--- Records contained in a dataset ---
____________________

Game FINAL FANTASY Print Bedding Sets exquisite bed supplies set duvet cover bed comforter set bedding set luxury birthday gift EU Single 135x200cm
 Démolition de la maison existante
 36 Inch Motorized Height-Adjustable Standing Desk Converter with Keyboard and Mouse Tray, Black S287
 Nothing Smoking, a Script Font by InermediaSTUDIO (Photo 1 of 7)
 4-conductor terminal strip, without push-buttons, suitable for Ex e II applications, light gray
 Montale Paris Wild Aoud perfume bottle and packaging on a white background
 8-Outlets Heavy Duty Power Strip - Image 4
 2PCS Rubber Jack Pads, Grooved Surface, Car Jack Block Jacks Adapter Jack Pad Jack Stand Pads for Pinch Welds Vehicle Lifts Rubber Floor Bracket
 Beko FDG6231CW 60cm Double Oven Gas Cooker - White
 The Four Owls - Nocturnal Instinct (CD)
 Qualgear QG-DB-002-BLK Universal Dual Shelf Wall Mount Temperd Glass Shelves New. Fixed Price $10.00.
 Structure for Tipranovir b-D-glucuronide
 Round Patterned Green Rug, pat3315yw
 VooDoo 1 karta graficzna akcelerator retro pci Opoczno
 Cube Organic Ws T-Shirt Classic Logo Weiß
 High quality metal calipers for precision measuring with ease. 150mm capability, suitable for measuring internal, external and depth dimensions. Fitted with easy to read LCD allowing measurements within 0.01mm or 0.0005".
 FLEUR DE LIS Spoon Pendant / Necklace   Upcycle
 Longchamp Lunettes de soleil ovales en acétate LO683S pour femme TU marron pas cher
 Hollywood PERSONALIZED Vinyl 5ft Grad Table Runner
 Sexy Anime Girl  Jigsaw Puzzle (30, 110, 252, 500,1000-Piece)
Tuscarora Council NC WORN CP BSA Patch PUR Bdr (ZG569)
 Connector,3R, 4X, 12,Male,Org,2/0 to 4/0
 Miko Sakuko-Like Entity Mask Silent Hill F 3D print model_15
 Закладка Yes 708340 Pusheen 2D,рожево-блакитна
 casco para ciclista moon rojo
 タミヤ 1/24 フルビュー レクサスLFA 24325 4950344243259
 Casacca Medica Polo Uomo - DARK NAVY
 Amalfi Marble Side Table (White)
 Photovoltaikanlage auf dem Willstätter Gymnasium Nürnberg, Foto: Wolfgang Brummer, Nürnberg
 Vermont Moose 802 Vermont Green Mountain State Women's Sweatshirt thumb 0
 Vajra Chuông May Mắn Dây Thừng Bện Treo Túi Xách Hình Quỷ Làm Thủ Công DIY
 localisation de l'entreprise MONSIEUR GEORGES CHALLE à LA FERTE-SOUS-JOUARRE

____________________

--- ACTIVITY ---
Show all lines in the records above that hold "Green".

--- OUTPUT OF THE TASK ---
 Round Patterned Green Rug, pat3315yw
 Vermont Moose 802 Vermont Green Mountain State Women's Sweatshirt thumb 0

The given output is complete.